В воскресенье дом мой был полон с утра: французские, польские рефюжье[85], немцы, итальянцы, даже английские знакомые приходили, уходили с сияющим лицом, день был ясный, теплый, после обеда мы вышли в сад. На берегу Темзы играли мальчишки, я подозвал их к решетке и, сказав им, что мы празднуем смерть их и нашего врага, бросил им на пиво и конфеты целую горсть мелкого серебра. «Уре! Уре! – кричали мальчишки. – Impernikel is dead! Impernikel is dead!»[86] Гости стали им тоже бросать сикспенсы и трипенсы, мальчишки принесли элю, пирогов, кексов, привели шарманку и принялись плясать. После этого, пока я жил в Твикнеме, мальчишки всякий раз, когда встречали меня на улице, снимали шапку и кричали: «Impernikel is dead! Уре!»

Смерть Николая удесятерила надежды и силы. Я тотчас написал напечатанное потом письмо к императору Александру и решился издавать «Полярную звезду». «“Да здравствует разум!” – невольно сорвалось с языка в начале программы. – Полярная звезда скрылась за тучами николаевского царствования. Николай прошел, и “Полярная звезда” явится снова в день нашей Великой пятницы, в тот день, в который пять виселиц сделались для нас пятью распятиями». Начало царствования Александра II было светлой полосой.

Вся Россия легче вздохнула, приподняла голову и, будь воля, прокричала бы от всей души с твикнемскими мальчишками: «Impernikel is dead! Hourray!»

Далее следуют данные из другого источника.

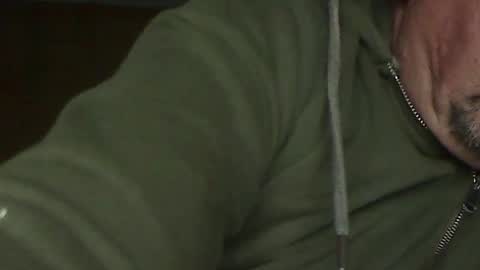 Gomez Addams online show from March 15, 8:26 pm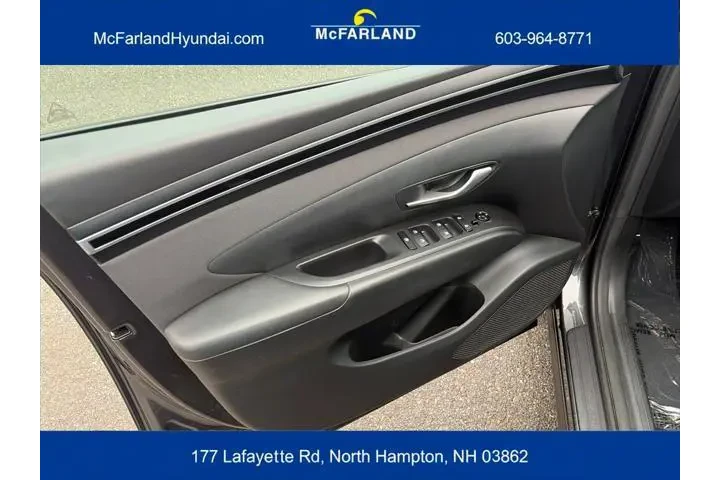 $23894 : Hyundai TUCSON 2023 AWD SEL image 9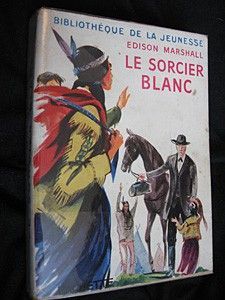 Le Sorcier blanc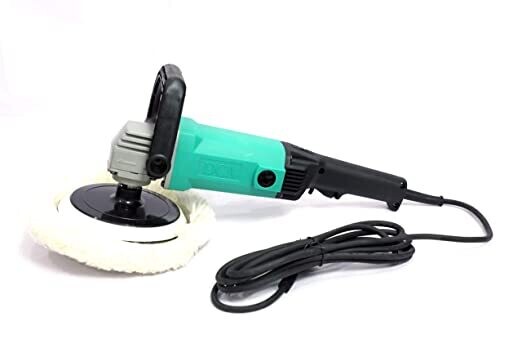 DCA ASP03-180 SANDER POLISHER 1020W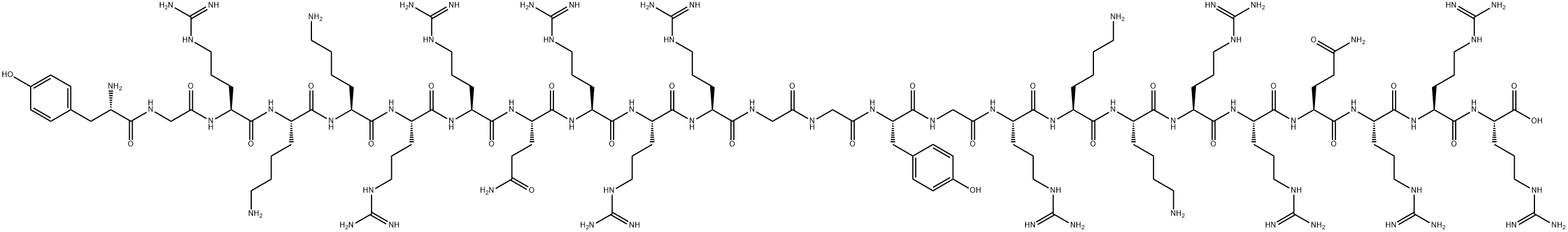 1159916-66-1 Structure
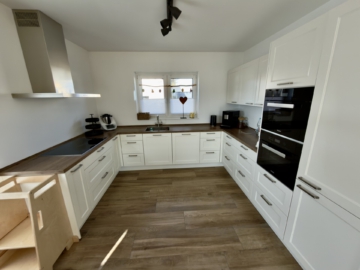 Küche - Hasborn | Baujahr 2017 | ca. 140 m² Wfl. | ca. 622 m² Grdst. | Doppelgarage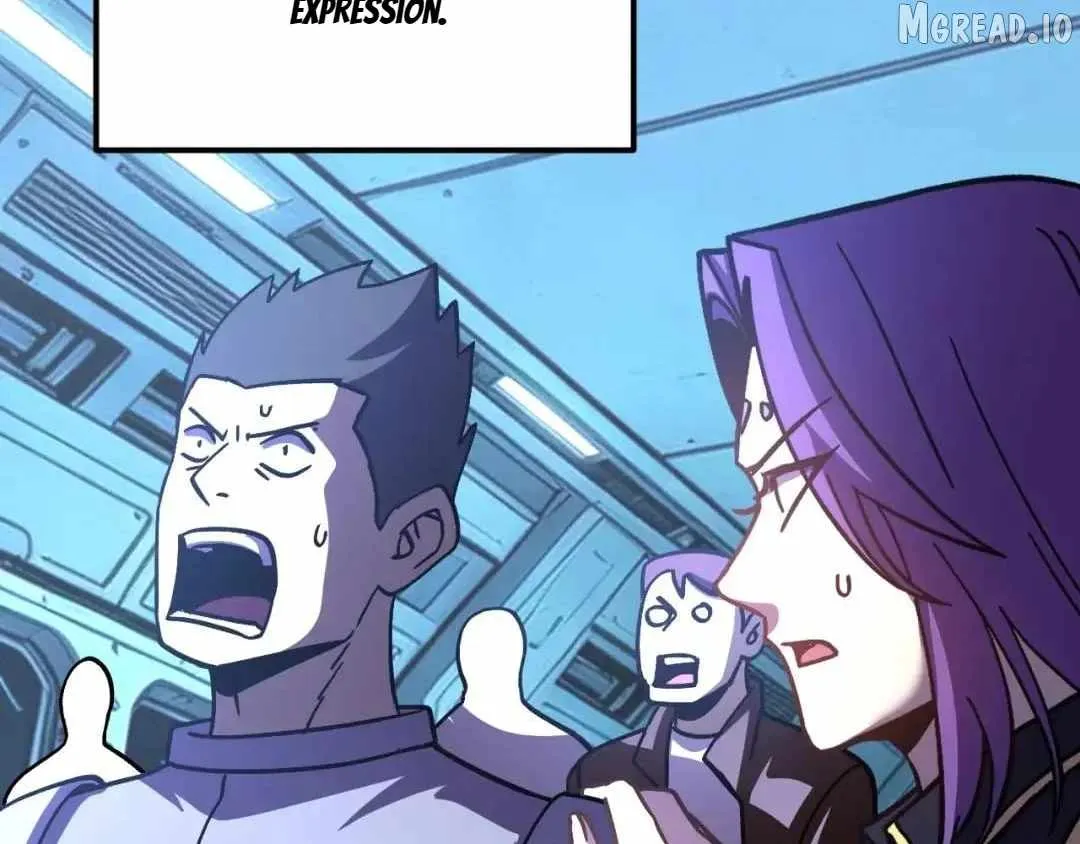 Logging 10,000 Years into the Future (Apex Future Martial Arts) Chapter 325 page 153 - 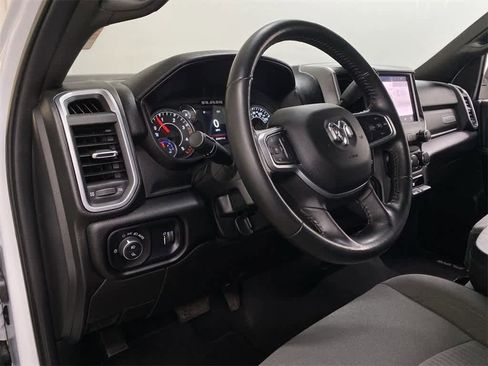 Used 2024 RAM 2500 Big Horn image 2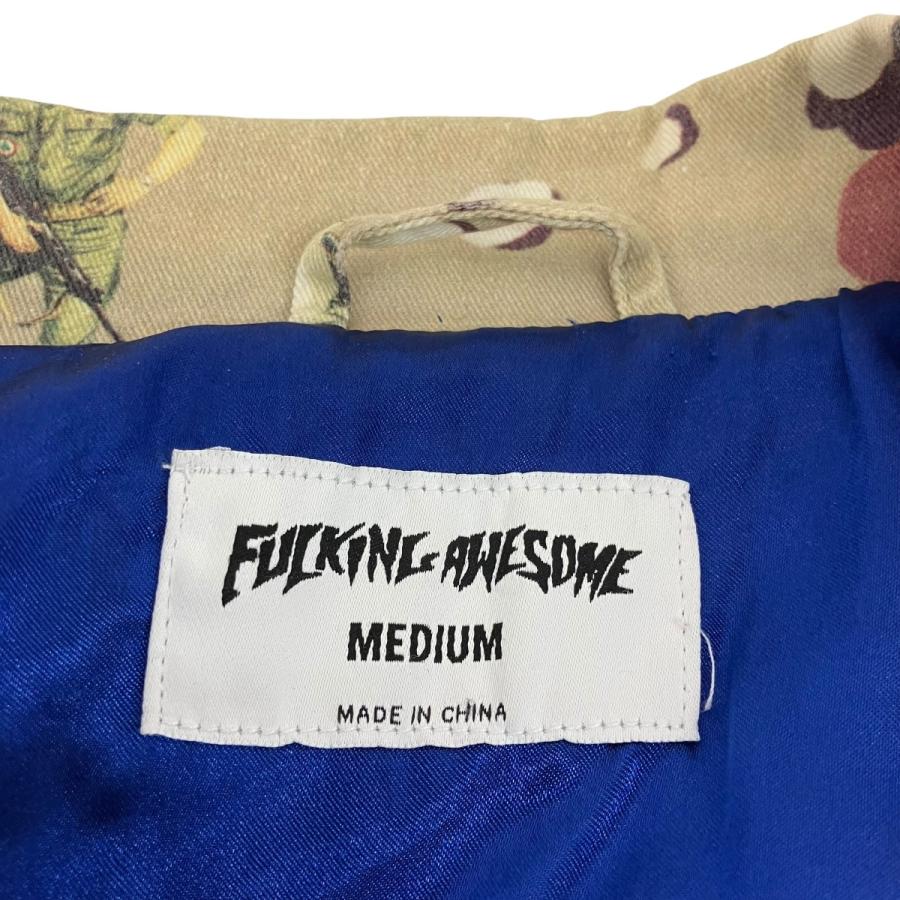 FUCKING AWESOME（ファッキング オーサム） 【値下げ】Fucking Awesome 
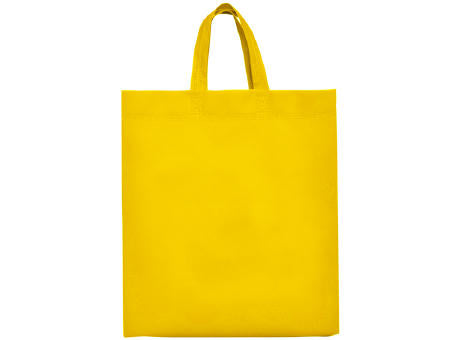 TASCHE NON WOVEN LAKE S/40*35*12 WHITE
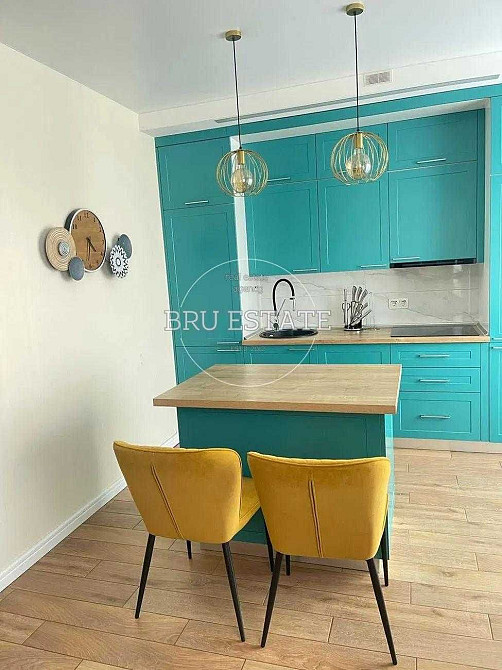 Продаж 2 євро-двох кімн кв ЖК Хотів Хотів - зображення 1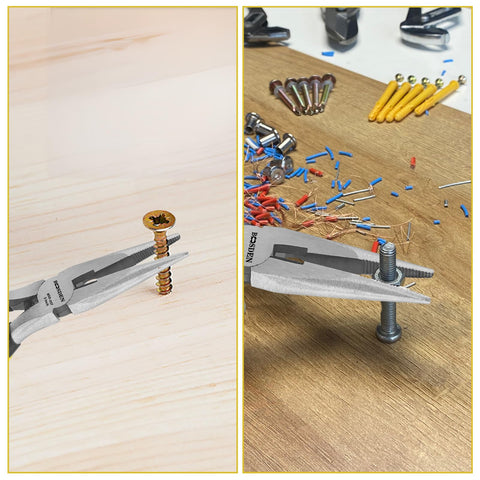BOOSDEN 10-pack set provides ready-to-use tools for crafts and repairs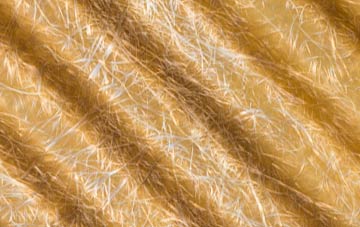 Shipton Bellinger fibreglass roof waterproofing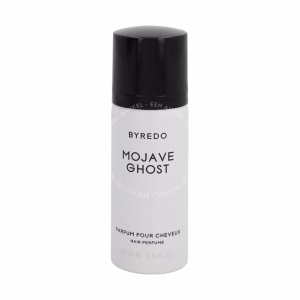 Byredo Mojave Ghost Hair Perfume 75ml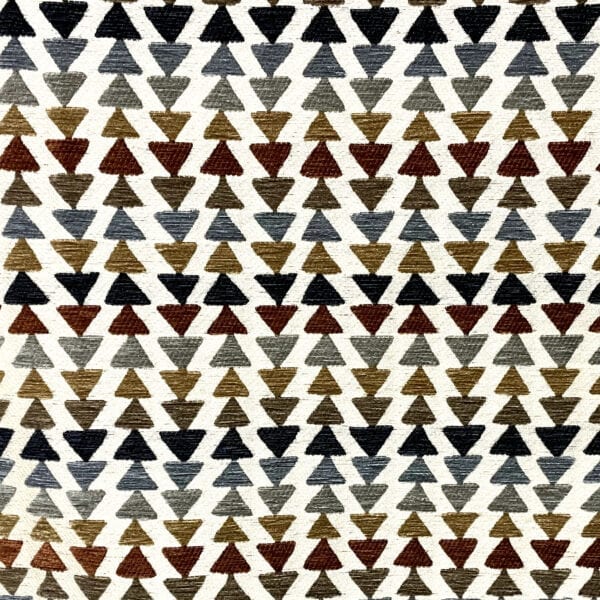 Pinnacle Point - Ebony- Designer Fabric from Online Fabric Store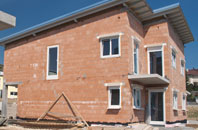 Pennygate home extensions
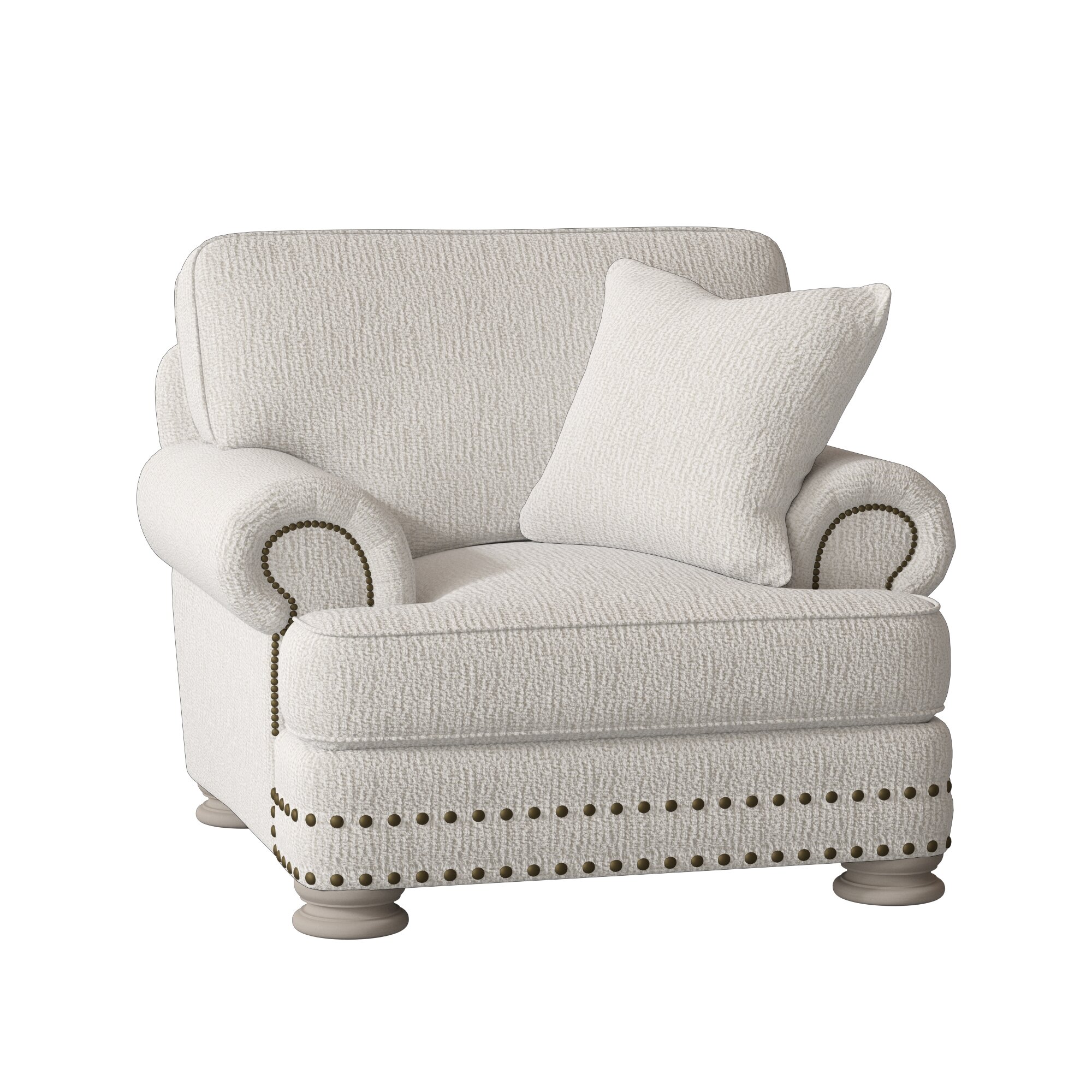 Bernhardt Foster Armchair Wayfair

Под влиянием весенней оттепели и на наш станок в Лондоне взглянули ласковее. Наконец-то нас заметили. «Полярная звезда» требовалась десятками экземпляров, а в России ее продавали по баснословным ценам от 15 до 20 руб. с<еребром>. Знамя «Полярной звезды», требования, поставленные ею, совпадали с желанием всего народа русского, оттого они и нашли сочувствие. И когда, обращаясь к только что воцарившемуся государю, я повторял ему: «Дайте свободу русскому слову, уму нашему тесно в цензурных колодках; дайте волю и землю крестьянам и смойте с нас позорное пятно крепостного состояния; дайте нам открытый суд и уничтожьте канцелярскую тайну судеб наших!» – когда я прибавлял к этим простым требованиям: «Торопитесь притом, чтоб спасти народ от крови!», я чувствовал, я знал, что это вовсе не мое личное мнение, а мысль, которая тогда носилась в русском воздухе и волновала каждый ум, каждое сердце; ум и сердце царя и крепостного крестьянина, молодого офицера, вышедшего из корпуса, и студента, какого бы он университета ни был. Как бы ни понимали вопрос и с какой бы стороны его ни брали, все видели, что петровское самодержавие совершило свои судьбы, что оно достигло предела, после которого надобно или правительству переродиться, или народу погибнуть. Если были исключения, то это только в корыстных кружках нажившихся негодяев или на сонных вершинах выжившего из ума барства.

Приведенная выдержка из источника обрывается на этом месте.